I was doing a hop and pop from 6k and pulled at 4k5.

I had a poor opening, it spun me 180 degrees then suddenly spun me again another 180 degrees.

I thought it was going to induce twists but it didnt.

For a short time everything seemed to be alright after that - the left end cells werent fully inflated but they soon inflated.

I just thought to myself it was a bad opening.

As I went to reach for my toggles the canopy suddenly dived to the right before I had chance to unstow them.

Because of the strange opening and because it was uncontrollably diving to the right I knew something wasnt right so decided to chop.

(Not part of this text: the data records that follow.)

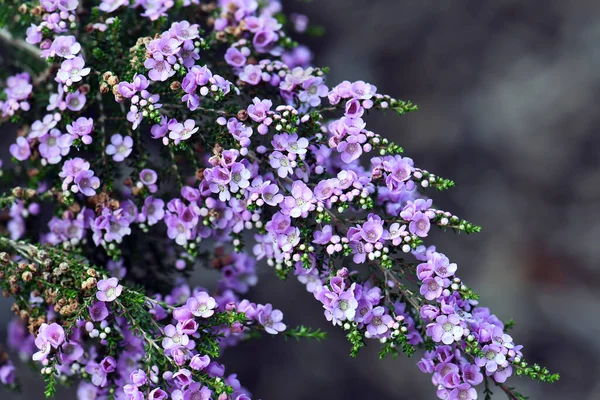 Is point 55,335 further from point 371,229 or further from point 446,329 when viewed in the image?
point 446,329

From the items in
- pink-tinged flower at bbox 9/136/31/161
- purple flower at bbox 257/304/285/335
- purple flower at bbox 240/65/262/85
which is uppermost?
purple flower at bbox 240/65/262/85

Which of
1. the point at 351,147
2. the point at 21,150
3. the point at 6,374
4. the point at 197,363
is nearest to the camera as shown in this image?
the point at 197,363

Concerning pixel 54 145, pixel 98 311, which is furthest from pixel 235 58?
pixel 98 311

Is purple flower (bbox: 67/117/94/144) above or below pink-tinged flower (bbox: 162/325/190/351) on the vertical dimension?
above

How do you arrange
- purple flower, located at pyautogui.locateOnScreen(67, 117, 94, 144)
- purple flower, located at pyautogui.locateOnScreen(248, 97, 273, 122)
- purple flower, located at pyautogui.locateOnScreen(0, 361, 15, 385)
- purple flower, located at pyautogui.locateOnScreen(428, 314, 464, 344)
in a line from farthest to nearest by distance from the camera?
purple flower, located at pyautogui.locateOnScreen(0, 361, 15, 385)
purple flower, located at pyautogui.locateOnScreen(67, 117, 94, 144)
purple flower, located at pyautogui.locateOnScreen(248, 97, 273, 122)
purple flower, located at pyautogui.locateOnScreen(428, 314, 464, 344)

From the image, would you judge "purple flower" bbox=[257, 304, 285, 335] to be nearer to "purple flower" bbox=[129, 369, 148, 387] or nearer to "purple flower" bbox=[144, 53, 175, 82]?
"purple flower" bbox=[129, 369, 148, 387]

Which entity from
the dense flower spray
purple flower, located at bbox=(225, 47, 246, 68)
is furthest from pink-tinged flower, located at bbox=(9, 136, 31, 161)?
purple flower, located at bbox=(225, 47, 246, 68) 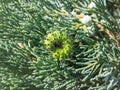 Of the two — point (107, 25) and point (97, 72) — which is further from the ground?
point (107, 25)

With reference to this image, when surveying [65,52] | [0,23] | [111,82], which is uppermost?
[0,23]

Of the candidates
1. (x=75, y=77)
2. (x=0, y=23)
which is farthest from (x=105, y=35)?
(x=0, y=23)

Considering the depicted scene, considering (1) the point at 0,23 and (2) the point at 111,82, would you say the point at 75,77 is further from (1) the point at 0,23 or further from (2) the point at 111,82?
(1) the point at 0,23

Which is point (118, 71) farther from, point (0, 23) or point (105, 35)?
point (0, 23)

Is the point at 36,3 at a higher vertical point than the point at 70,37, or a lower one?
higher

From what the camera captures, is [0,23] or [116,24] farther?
[0,23]

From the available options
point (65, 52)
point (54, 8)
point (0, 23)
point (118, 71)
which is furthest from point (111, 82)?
point (0, 23) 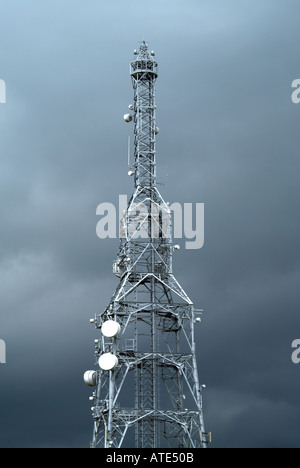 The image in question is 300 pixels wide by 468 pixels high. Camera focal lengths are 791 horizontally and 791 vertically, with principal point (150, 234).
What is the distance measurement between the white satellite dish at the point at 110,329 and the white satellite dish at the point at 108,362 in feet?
7.04

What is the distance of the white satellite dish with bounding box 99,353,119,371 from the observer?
82.6 metres

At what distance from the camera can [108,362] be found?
8288 cm

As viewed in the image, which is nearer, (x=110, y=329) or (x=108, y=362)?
(x=108, y=362)

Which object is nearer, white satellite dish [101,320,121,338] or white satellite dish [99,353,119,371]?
white satellite dish [99,353,119,371]

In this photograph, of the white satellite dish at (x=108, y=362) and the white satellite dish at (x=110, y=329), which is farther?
the white satellite dish at (x=110, y=329)

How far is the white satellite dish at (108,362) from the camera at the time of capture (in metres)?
82.6

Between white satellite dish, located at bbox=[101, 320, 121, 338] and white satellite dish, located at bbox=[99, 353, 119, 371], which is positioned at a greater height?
white satellite dish, located at bbox=[101, 320, 121, 338]

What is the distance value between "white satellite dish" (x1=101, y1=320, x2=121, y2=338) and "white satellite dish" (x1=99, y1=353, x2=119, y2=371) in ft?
7.04

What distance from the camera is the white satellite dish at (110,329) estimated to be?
84.1 meters

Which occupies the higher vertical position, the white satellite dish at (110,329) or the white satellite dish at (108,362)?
the white satellite dish at (110,329)

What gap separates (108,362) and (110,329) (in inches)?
141

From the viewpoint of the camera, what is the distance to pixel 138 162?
9669 cm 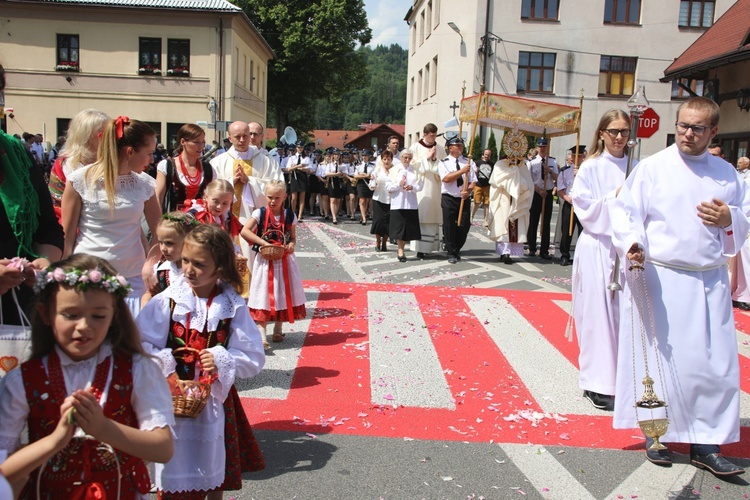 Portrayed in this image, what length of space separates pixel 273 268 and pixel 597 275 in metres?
2.90

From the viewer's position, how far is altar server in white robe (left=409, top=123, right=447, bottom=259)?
13125 millimetres

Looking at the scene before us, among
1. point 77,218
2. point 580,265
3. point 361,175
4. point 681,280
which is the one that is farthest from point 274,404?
point 361,175

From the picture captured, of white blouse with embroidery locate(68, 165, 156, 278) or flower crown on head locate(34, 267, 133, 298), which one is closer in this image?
flower crown on head locate(34, 267, 133, 298)

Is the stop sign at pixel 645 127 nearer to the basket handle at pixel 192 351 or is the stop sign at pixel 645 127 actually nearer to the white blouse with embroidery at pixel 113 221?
the white blouse with embroidery at pixel 113 221

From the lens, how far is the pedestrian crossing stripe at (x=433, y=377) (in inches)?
187

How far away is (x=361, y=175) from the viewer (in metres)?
18.9

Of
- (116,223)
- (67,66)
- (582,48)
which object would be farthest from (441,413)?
(67,66)

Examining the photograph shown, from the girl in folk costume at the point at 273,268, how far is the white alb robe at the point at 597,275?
2.64 metres

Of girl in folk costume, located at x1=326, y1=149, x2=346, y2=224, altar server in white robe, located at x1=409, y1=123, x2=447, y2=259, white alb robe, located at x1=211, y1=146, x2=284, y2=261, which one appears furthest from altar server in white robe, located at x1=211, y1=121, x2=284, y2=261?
girl in folk costume, located at x1=326, y1=149, x2=346, y2=224

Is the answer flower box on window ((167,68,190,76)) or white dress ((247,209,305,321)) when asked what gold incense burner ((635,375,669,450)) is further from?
flower box on window ((167,68,190,76))

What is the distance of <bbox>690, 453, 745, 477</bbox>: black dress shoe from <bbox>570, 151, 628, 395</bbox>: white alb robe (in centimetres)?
99

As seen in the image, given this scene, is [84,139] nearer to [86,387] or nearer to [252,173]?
[86,387]

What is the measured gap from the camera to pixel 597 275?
5.25m

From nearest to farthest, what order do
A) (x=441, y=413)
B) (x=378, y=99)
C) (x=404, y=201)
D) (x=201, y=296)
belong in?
(x=201, y=296)
(x=441, y=413)
(x=404, y=201)
(x=378, y=99) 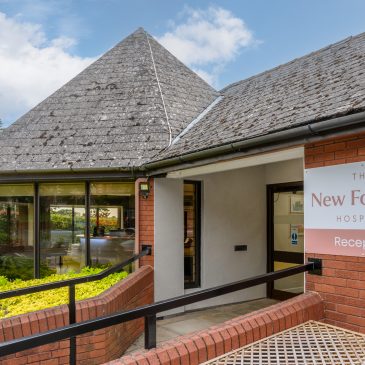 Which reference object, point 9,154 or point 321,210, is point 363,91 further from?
point 9,154

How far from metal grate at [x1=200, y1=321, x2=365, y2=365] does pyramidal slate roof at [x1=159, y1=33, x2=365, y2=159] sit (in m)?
2.10

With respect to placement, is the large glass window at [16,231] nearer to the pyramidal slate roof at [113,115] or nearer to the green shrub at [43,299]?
the pyramidal slate roof at [113,115]

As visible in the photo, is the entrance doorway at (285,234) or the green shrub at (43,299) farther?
the entrance doorway at (285,234)

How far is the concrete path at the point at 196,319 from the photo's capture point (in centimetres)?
630

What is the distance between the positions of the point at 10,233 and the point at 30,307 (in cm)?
354

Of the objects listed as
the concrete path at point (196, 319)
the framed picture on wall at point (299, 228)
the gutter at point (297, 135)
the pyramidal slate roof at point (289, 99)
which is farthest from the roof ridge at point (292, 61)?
the concrete path at point (196, 319)

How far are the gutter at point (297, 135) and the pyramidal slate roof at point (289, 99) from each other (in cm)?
9

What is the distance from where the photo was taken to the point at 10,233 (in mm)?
8211

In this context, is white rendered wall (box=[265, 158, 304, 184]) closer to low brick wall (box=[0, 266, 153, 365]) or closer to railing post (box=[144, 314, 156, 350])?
low brick wall (box=[0, 266, 153, 365])

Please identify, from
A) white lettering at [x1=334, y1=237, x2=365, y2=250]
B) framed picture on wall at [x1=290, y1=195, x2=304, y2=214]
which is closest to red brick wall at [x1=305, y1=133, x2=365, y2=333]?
white lettering at [x1=334, y1=237, x2=365, y2=250]

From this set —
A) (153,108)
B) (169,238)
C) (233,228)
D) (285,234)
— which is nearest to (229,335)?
(169,238)

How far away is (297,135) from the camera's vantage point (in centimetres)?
427

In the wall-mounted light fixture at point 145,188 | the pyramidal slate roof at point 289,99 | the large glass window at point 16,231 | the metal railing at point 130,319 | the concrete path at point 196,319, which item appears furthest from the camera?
the large glass window at point 16,231

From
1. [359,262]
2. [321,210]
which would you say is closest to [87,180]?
[321,210] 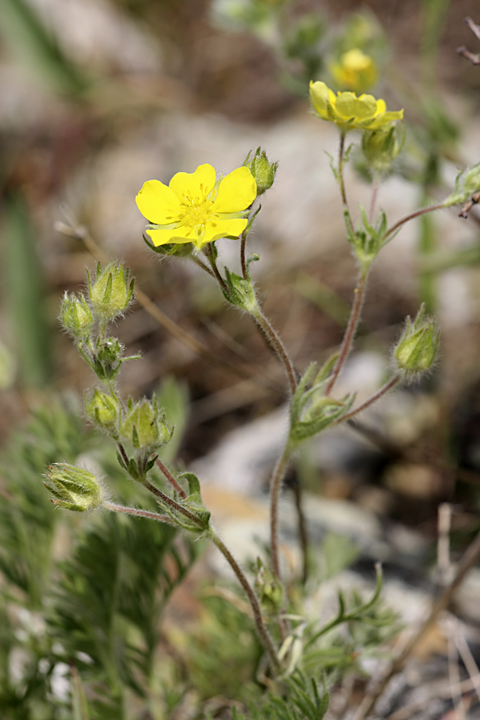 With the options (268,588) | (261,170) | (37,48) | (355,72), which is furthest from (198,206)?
(37,48)

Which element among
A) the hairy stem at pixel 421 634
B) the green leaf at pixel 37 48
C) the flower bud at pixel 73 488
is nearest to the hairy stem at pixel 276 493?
the flower bud at pixel 73 488

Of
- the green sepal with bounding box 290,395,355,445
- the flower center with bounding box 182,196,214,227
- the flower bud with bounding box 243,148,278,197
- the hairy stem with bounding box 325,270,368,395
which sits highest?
the flower bud with bounding box 243,148,278,197

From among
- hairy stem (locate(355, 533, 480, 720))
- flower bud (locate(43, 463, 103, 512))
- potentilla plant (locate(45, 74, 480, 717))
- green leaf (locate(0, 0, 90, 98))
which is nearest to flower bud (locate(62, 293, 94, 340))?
potentilla plant (locate(45, 74, 480, 717))

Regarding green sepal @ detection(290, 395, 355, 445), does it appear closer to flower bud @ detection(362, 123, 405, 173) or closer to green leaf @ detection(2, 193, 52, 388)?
flower bud @ detection(362, 123, 405, 173)

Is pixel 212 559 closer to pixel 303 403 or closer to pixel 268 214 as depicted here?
pixel 303 403

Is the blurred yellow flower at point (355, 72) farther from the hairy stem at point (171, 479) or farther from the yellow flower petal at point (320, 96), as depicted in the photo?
the hairy stem at point (171, 479)

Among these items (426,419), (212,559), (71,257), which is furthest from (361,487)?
(71,257)

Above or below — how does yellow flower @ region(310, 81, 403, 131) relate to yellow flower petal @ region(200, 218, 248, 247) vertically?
above

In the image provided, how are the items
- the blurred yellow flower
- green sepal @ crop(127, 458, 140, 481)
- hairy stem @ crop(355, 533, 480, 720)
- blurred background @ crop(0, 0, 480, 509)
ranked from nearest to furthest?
green sepal @ crop(127, 458, 140, 481) → hairy stem @ crop(355, 533, 480, 720) → the blurred yellow flower → blurred background @ crop(0, 0, 480, 509)

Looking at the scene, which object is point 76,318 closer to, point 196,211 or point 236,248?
point 196,211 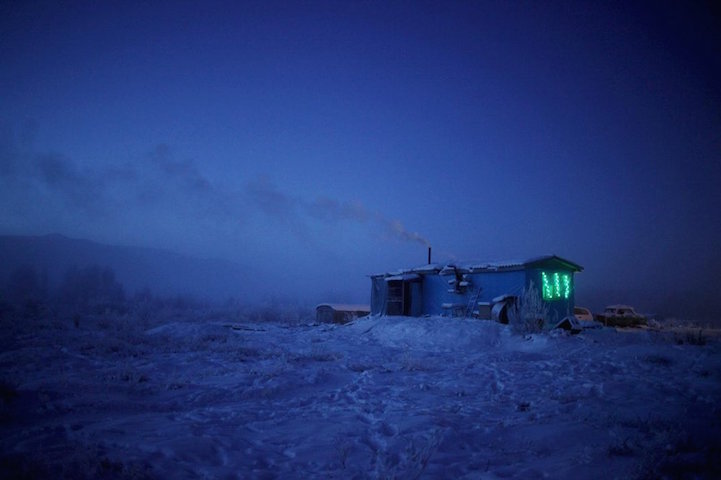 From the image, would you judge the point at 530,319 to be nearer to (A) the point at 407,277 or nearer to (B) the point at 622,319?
(A) the point at 407,277

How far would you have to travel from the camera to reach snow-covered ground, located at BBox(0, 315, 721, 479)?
3.53 metres

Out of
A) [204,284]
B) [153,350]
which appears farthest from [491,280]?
[204,284]

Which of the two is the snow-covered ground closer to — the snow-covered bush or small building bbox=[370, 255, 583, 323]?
the snow-covered bush

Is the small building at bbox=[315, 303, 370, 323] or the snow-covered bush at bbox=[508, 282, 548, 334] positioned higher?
the snow-covered bush at bbox=[508, 282, 548, 334]

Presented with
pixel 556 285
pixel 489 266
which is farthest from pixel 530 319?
pixel 556 285

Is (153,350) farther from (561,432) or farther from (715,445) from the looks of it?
(715,445)

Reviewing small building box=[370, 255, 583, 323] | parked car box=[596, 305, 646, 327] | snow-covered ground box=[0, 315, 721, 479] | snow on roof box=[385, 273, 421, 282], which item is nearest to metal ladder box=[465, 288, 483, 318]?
small building box=[370, 255, 583, 323]

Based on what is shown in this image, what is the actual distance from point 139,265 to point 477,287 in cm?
14650

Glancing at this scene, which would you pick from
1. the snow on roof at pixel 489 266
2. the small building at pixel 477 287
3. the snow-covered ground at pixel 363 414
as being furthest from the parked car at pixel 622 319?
the snow-covered ground at pixel 363 414

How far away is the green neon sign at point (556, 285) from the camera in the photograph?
18938mm

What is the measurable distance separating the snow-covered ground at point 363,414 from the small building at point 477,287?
7.48m

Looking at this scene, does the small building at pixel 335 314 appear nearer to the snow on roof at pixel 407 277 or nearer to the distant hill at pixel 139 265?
the snow on roof at pixel 407 277

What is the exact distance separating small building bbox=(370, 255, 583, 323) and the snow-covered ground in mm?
7477

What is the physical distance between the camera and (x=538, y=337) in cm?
1261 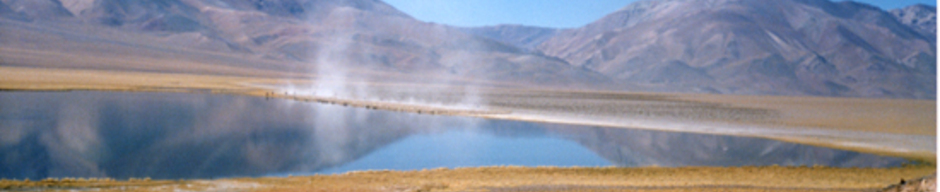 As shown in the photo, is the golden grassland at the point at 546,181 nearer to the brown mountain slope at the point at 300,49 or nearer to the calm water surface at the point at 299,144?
the calm water surface at the point at 299,144

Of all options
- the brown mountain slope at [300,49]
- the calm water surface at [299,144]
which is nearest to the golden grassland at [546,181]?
the calm water surface at [299,144]

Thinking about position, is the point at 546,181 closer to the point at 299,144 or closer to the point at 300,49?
the point at 299,144

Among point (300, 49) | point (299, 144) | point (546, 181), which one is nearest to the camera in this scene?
point (546, 181)

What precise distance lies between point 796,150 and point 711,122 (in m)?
14.9

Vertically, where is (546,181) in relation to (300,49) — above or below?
below

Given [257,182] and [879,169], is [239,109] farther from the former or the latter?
[879,169]

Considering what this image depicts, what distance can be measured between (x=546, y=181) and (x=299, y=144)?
11.7 m

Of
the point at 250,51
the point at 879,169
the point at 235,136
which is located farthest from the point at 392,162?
the point at 250,51

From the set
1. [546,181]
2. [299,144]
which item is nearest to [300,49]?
[299,144]

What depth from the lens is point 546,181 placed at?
17281mm

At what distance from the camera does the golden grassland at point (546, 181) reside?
15.4m

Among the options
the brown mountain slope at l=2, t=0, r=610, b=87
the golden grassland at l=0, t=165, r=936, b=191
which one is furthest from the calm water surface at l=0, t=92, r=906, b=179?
the brown mountain slope at l=2, t=0, r=610, b=87

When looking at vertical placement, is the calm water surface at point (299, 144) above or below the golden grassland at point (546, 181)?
below

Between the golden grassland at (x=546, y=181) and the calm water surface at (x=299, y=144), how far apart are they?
7.67ft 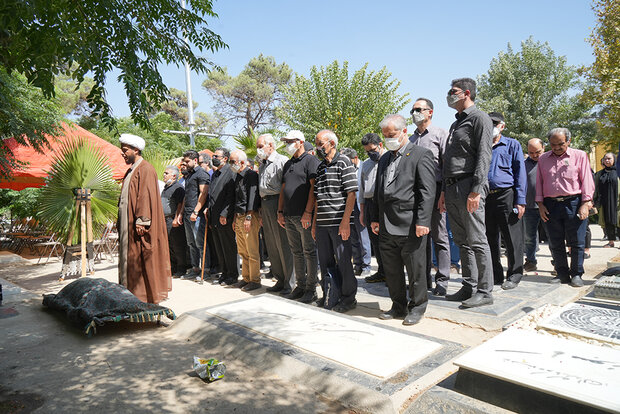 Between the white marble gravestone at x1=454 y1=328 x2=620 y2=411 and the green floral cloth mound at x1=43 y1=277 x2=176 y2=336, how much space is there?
3317 millimetres

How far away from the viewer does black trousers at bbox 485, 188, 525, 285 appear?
537cm

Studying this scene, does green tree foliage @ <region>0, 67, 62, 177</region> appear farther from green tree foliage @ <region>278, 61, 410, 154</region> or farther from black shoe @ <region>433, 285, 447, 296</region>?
green tree foliage @ <region>278, 61, 410, 154</region>

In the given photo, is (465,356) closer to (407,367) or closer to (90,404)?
(407,367)

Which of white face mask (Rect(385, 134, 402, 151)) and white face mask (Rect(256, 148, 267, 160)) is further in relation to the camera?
white face mask (Rect(256, 148, 267, 160))

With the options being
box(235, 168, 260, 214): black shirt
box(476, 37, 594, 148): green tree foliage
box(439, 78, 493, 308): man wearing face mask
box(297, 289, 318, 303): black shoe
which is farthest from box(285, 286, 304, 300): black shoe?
box(476, 37, 594, 148): green tree foliage

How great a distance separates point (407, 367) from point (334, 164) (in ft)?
8.40

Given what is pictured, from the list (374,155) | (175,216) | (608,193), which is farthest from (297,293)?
(608,193)

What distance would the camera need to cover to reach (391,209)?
4.30 m

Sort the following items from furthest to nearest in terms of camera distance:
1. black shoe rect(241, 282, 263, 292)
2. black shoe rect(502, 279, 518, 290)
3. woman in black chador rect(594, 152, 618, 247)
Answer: woman in black chador rect(594, 152, 618, 247) → black shoe rect(241, 282, 263, 292) → black shoe rect(502, 279, 518, 290)

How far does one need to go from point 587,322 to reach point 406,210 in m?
1.75

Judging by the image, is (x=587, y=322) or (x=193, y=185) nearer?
(x=587, y=322)

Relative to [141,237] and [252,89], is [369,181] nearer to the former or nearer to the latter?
[141,237]

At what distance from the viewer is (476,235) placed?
446 cm

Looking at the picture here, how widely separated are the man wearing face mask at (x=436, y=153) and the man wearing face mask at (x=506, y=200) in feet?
2.22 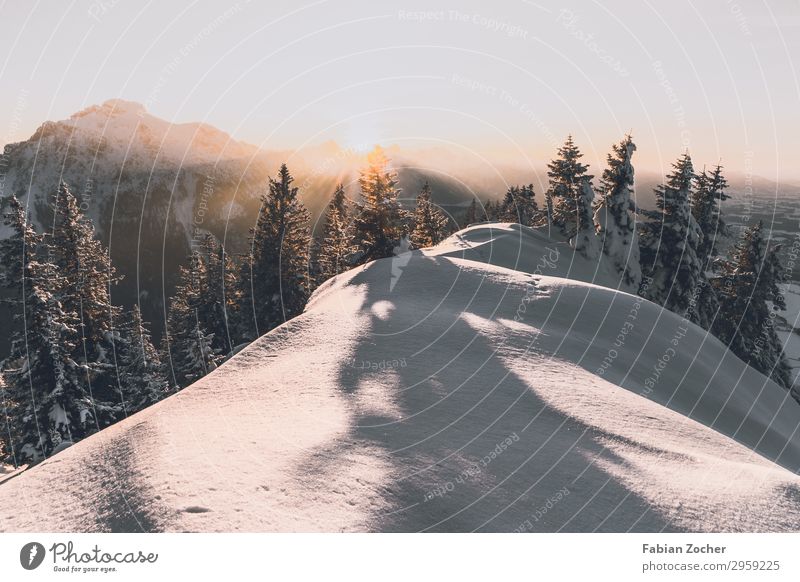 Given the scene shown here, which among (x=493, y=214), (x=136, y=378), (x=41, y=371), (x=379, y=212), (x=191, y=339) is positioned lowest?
(x=136, y=378)

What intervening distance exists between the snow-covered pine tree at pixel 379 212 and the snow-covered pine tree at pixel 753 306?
89.7ft

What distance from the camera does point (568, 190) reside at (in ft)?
158

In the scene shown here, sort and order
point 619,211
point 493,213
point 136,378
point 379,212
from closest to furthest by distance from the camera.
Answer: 1. point 136,378
2. point 379,212
3. point 619,211
4. point 493,213

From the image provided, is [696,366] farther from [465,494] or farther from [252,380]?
[252,380]

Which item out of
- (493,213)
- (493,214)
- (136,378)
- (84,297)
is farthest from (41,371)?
(493,213)

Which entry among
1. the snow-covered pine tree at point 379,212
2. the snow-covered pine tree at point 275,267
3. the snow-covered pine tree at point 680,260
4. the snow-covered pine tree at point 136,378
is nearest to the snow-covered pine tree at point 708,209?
the snow-covered pine tree at point 680,260

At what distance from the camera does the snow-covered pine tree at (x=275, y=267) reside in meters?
38.3

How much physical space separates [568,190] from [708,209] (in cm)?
1198

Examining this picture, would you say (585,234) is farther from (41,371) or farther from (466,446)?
(41,371)

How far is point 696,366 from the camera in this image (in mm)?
15844

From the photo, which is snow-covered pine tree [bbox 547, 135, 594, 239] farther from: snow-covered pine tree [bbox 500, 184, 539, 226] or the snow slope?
the snow slope

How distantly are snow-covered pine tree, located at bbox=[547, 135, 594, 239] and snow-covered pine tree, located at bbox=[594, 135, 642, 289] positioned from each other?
196 cm

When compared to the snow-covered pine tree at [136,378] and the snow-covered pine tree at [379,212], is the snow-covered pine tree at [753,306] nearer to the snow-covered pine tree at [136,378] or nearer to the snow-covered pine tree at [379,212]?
the snow-covered pine tree at [379,212]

I cut away and pulled my reserve without further incident.

When I landed an instrcutor and myself inspected the main and saw that the left toggle was unstowed, therefore concluding it was a brake fire.

The instructor said it sounded like a brake fire before even inspecting the main.

If I had realised what the problem was and reacted quickly enough I presume I could have unstowed the right toggle and wouldnt have needed to chop ?

But at the time I didnt know what the problem was and wasted no time in getting off it.

My question is, how did the toggle become unstowed and how can I ensure it doesnt happen again ?

Afterall, I had packed it !

Thinking back to when I packed it, I remember the left toggle seemed to be stowed a bit strange, but after a quick look it appeared to be alright.

So maybe I didnt stow the toggle correctly afterall ?

But people have also said its can be just one of those things and that sometimes on opening a toggle can become unstowed, especially on toggles without velcro.

I will obviously pay closer attention to my stowed toggles in future.

I tend to stow my toggles when I land so as not to induce twists in the brake lines.

Has anyone had any similar experiences or can anyone offer advice to prevent this from happening again ?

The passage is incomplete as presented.